The Iowa Department of Transportation has a great handout with basic information including answers on whether you can use an international license, what insurance and registration are and if they are needed, and other common questions international students have about driving.
Only “Iowa residents” can be issued Iowa driver’s licenses. You can qualify as an Iowa resident by living in the state for at least 30 days, or by having children registered in school in the state. Generally speaking, you are legally a resident if you are present in Iowa and intend to remain in Iowa for the time being.

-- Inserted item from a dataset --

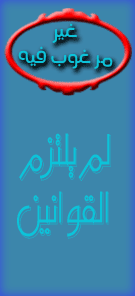 عضو موقوف عضو موقوف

To obtain an Iowa license, you must go to the Driver's License Department in the Eastdale Mall, at 1700 1st Avenue in Iowa City, 800-532-1121 (toll free in Iowa), or 515-244-8725, http://www.iowadot.gov/mvd/driverslicense/dlsites/iowacity.htm. Hours: Monday-Friday 8:30 a.m. - 5:00 p.m. and Saturdays, 8:00 a.m. - 1:00 p.m (please see DOT website for holiday hours). You will need your passport (to prove your identity and age), I-94, and certificate of eligibility (I-20 for people in F status, DS-2019 for Js). You will be required to take an examination concerning driving laws and practices. The test is not given within 30 minutes of closing time. In addition to the test (which you can take in writing or on a computer), you may be required to take a "road test." If so, you will be asked to drive your car while accompanied by a driver's license examiner. (You must furnish your own car for the test.) Road tests are given on a walk-in basis. To insure that an examiner will be available, it is best to go in during the early office hours.
Before going to take the driver's license examination, you should study the booklet, Iowa Driver's Manual, which is available at the Driver's License Department, the Civic Center, the Johnson County Sheriff's Office, the Police Department, or the Public Library. The booklet contains all the information needed to pass the written part of the test and is available free of charge. The booklet is available at the Department of Transportation web site, http://www.iowadot.gov/mvd/driverslicense/default.htm, in several languages. So is other information about driver’s licensure in Iowa.
The DMV website provides information about approval driver education in Iowa (http://www.dmv.org/ia-iowa/drivers-ed.php).
It is vital to learn and follow traffic regulations. Regulations concerning driving speed, turning, and parking are used to control automobile (and bicycle) traffic in the U.S. Most people generally adhere to those regulations, and the regulations are enforced by the police. Violations of traffic regulations are punished by fines, jail sentences, and/or loss of driving privileges. Cars parked in violation of regulations may be towed away, and the owner required to pay a fine, towing costs, and storage costs.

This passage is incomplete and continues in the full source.